For You Fans of Nobel Laureates, Robert Mundell is on Letterman again tonight. He's telling "Yo momma jokes" this time. If you are on the West Coast, keep an eye out.

posted by Charles at 11:52 PM
link



Sunday, May 02, 2004
 
Hidden Inflation? Robert Blumen has been arguing for some time that official statistics understate price inflation. (See this and this.)

I'm not convinced he's right, or rather, I'm not convinced the official numbers are off by as much as he thinks. Still, of all the major economic number, the CPI and other inflation measures seem to me to be the most arbitrary. The adjustments for improved quality, for instance, are particularly capricious. Some of the articles Blumen links to, while from quite dbubious sources, do a good job of showing just how dubious some of the decisions about what counts as an improvement in a product and how much to discount for that are.

That said, I never understood Alan Greenspan's temporary obsession with deflation. In times of rapid technological change and rapidly growing productivity (like we are allegedly having now), wouldn't you expect mild deflation?

In fact, my former professor George Selgin has persuasively argued that mild deflation is a good thing.


posted by Charles at 10:12 PM
link



Saturday, May 01, 2004
 
But Who Is The Red Queen? I'm sure the Bush administration will hail this as a victory, also.

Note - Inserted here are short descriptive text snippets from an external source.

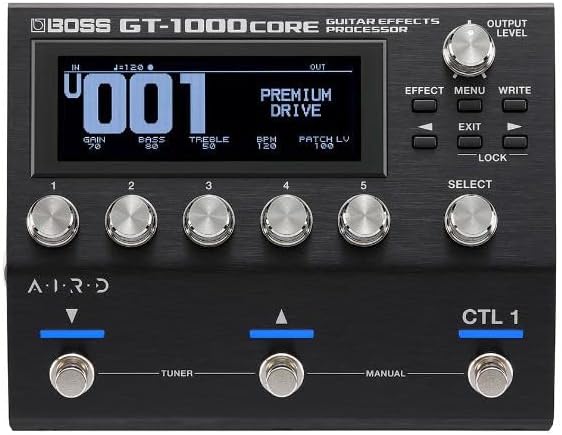 Boss GT-1000CORE Multi-effects Processor : Musical Instruments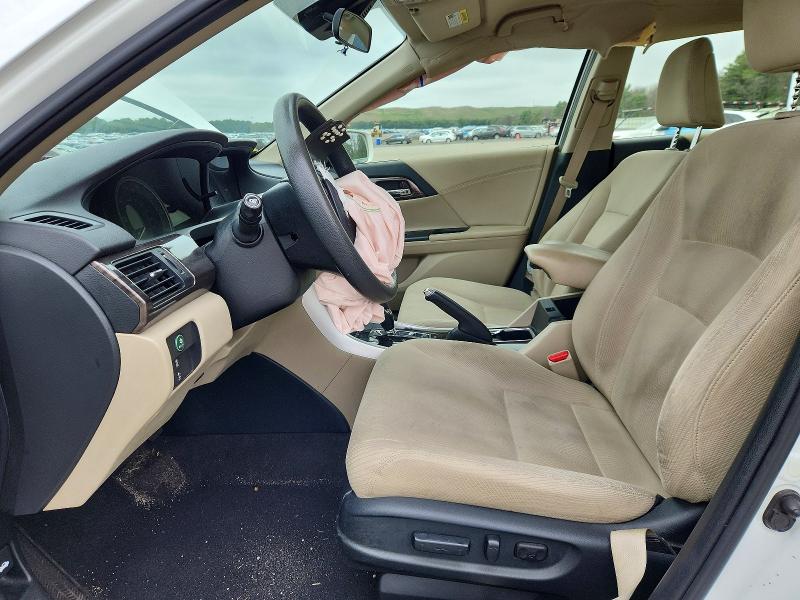 2017 Honda Accord VIN JHMCR6F30HC005229 COPART salvage auction — FRONT END, Ny - Mv-907A Salvage Certificate, sold $450 on 2026-07-20 (photo 7)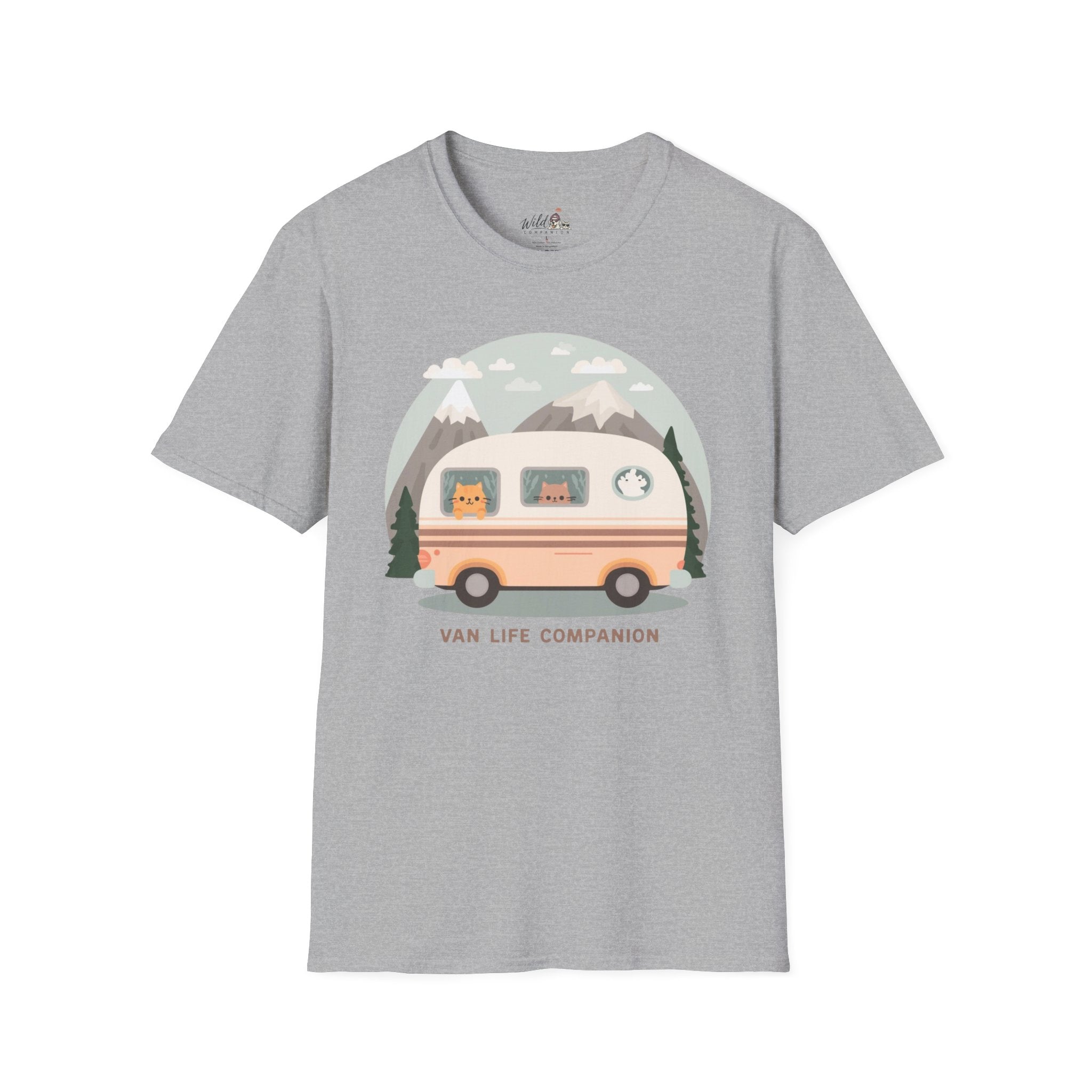 Van Life Cat 4 T-Shirt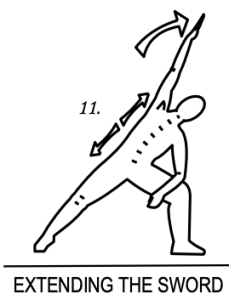 spinal hygiene exercise 11 extending the sword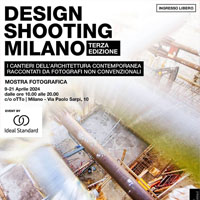 Design shooting 2024: i cantieri di architettura raccontati da fotografi non convenzionali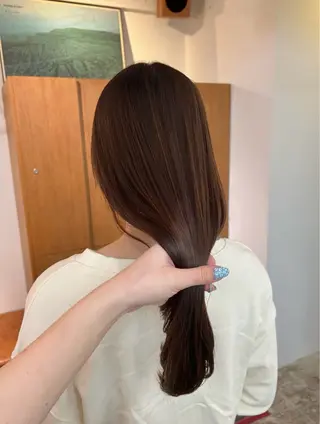 セミロング ENIEN MAKE'S 立川所属・綾/ベージュカラー /パーマ🩰のヘアスタイル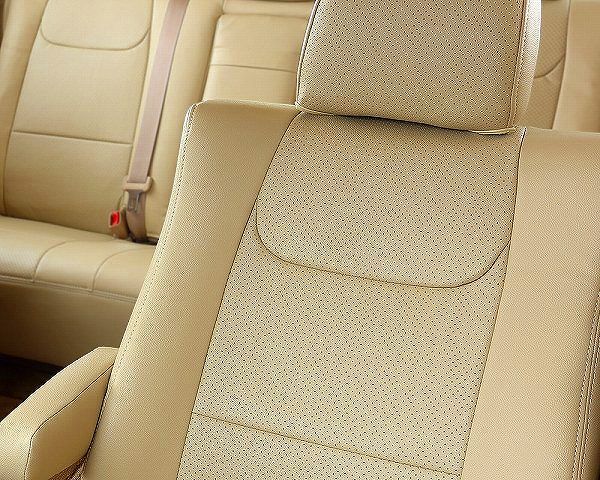 ベレッツァ シートカバー ナチュラル ダイハツ ムーヴコンテ/トヨタ ピクシススペース(カスタム含) 選べる10カラー D729 ベレッツァ セレクションEX シートカバー トヨタ ダイハツ ピクシス
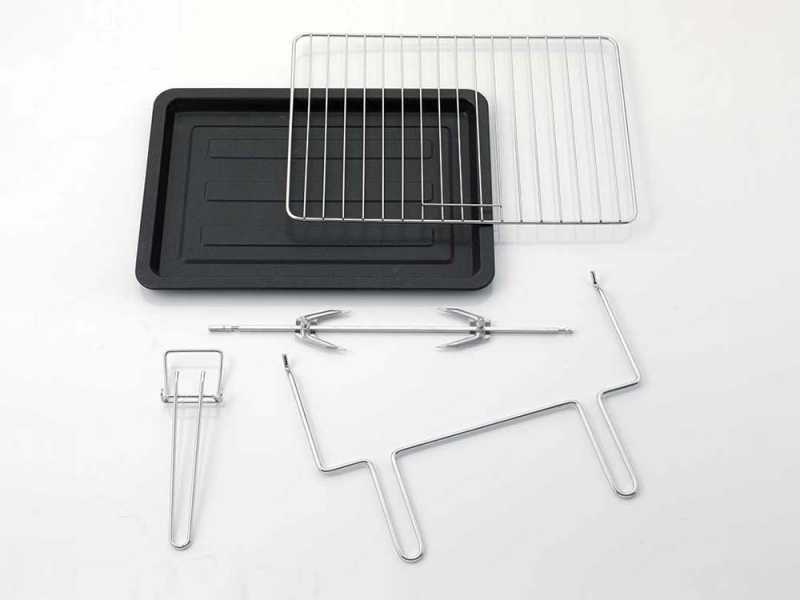 Ariete Bon Cuisine 560 - Horno el&eacute;ctrico ventilado con espet&oacute;n - 56L 2200W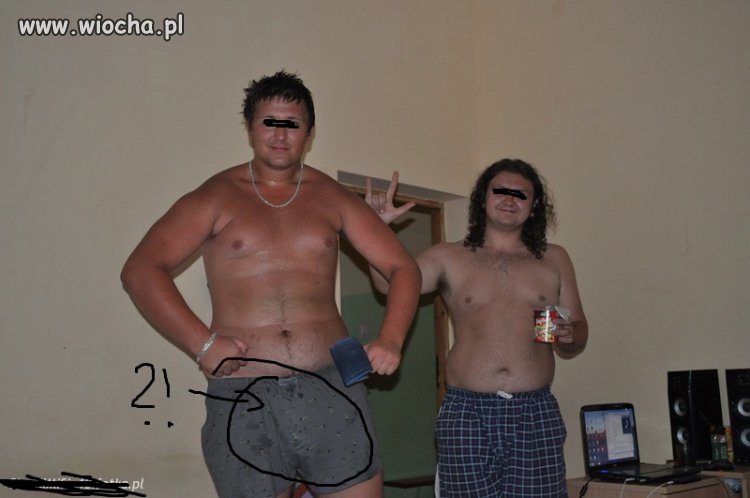 Może zmiana gaci ?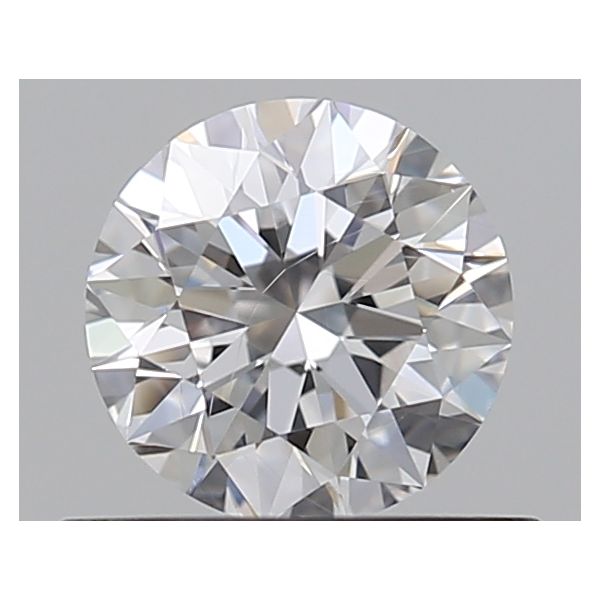 ROUND 0.53 E VVS2 EX-EX-EX - 6491215476 GIA Diamond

I'm perplexed at those hawk bloggers, radio talk show hosts and online posters who are now taking the "Bush won the war but is losing the occupation" direction.

What was the goal of the entire endeavor? And why was war necessary to achieve it, i.e., would some other alternative hve worked.

Bush himself doesn't seem to ever had any clear answer. His supporters have offered a constantly shifting numbers of goals. Remember just a few weeks ago when establishing democracy in Iraq was the goal? Now, we are putting former Bathists back into power. And if you listen to right-wing talk radio the lemmings are squealing about the Army investigation into the alleged torture by U.S. personnel of Iraqis at the Abu Ghaib prison. Why is the Army punishing these good soldiers? Doesn't the Pentagon understand torture is the only thing these Arabs understand? So far, the Washington hawks haven't gone that far. But I wouldn't be surprised to hear one do it soon.